Conclusion: The Emergence of Syntactical Speech

In all mammalian species, it is the young who invest most energy in play. As with human speech, there is a genetically determined ‘critical period’ for engaging in social play to maximum cognitive advantage. An animal deprived of play opportunities during infancy may later show a deficit in normal social skills (Biben 1998). In the human case, childhood play is not phased out but rather preserved in the elaboration of adult symbolic competence and performance (Huizinga 1970; Bruner et al. 1976: 534—704). By contrast, the playfulness of young animals is for the most part inhibited with the onset of sexual maturity. Sexual competition can provoke lethal conflict. As animals mature, their play correspondingly becomes closely involved in the determination of social rank. With increasing frequency, play fights become real fights — whereupon the play stops. Adulthood for most primates is challenging and risky, affording relatively few opportunities for that trust and abandon which is the hallmark of genuine play.

The distinctively human counterdominance strategies intrinsic to ‘sham menstruation/sex strike’ (Knight, Power and Watts 1995; Power and Aiello 1997; Power and Watts 1996, 1997) drive the emergence of symbolic culture by extending ‘play’ into the domain of adult relationships. Siblings and more distant relatives who might otherwise have been pitched into direct sexual rivalry are bonded in playful coalitionary opposition to the out-group. By retaining close bonds with kin-related females (cf. Power 1998, 1999, this volume), each coalition is enabled to extract increasing levels of mating effort from males. The outcome is ‘bride service’, an arrangement characteristic of hunter-gatherers, in which in-marrying males bring regular meat or other provisioning under supervision from their in-laws (Knight 1991, 1999). While this amounts to ‘economic exploitation’, Darwinian considerations clarify why minimal resistance is to be expected. In-marrying males are gaining access to the group’s fertile females; moreover, they are provisioning their own probable offspring. Combative coalitions formed to secure such outcomes, meeting little organised resistance, should be highly stable. They are familiar ethnographically as unilineal lineages and clans.

What is the significance of all this for language evolution? The key point is that ‘lexical syntax’ (Marler 1998) presupposes digital as opposed to analog distinctions between meanings. Like distinctions between the face values of banknotes, such contrasts depend entirely on collective agreement. Take the case of kinship terms — an obvious initial focus for any human language. In hunter-gatherer kinship terminologies, ‘sister’ is defined in opposition to the contrastive term ‘wife’. Primates could not sustain belief in such contrastive meanings, even if they had the cognitive competence. This is because their kin coalitions are neither categorically bounded nor stable. A close female relative from one standpoint will therefore be a less close relative — potentially a mate — from another. Instead of being categorically — in the eyes of a stable collectivity — ‘sister’ or ‘wife’, each female will be more or less either according to individual standpoint. Primate politics determine that other social meanings will be similarly graded and contested.

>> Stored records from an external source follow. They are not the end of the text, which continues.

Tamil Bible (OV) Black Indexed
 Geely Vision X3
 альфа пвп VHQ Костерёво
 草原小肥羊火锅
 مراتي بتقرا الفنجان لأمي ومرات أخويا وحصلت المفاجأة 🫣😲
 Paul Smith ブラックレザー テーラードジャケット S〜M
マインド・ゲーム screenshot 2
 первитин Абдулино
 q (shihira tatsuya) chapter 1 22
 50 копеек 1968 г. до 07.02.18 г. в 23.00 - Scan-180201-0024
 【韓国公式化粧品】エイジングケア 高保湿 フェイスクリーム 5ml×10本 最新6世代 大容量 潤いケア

Within human systems of ‘fictive’ kinship, a woman is ‘our sister’ (or a man ‘our brother’) because the collectivity asserts it to be so. Children engaged in games of ‘let’s pretend’ may likewise assert, ‘this rag is mummy’ or ‘that stick is a horse’ (Leslie 1987). In stratified societies, specified persons on a similar basis may count as ‘the government’ while certain small pieces of paper count as ‘money’. Not necessarily dependent upon verbal language, such ‘institu-tional facts’ are expressions of collective intentionality (Searle 1998). To uphold them is a social, moral and — in a most fundamental sense — religious challenge (Durkheim 1965). To confuse ‘sister’ with ‘wife’, after all, would be more than mere semantic or cognitive error — it would be a violation (Levi-Strauss 1969). Likewise if you visited my home and confused our family tablecloth with the doormat. Transgression of such categorical boundaries amounts to sacrilege. Words would lose all meaning if such boundaries could not be enforced.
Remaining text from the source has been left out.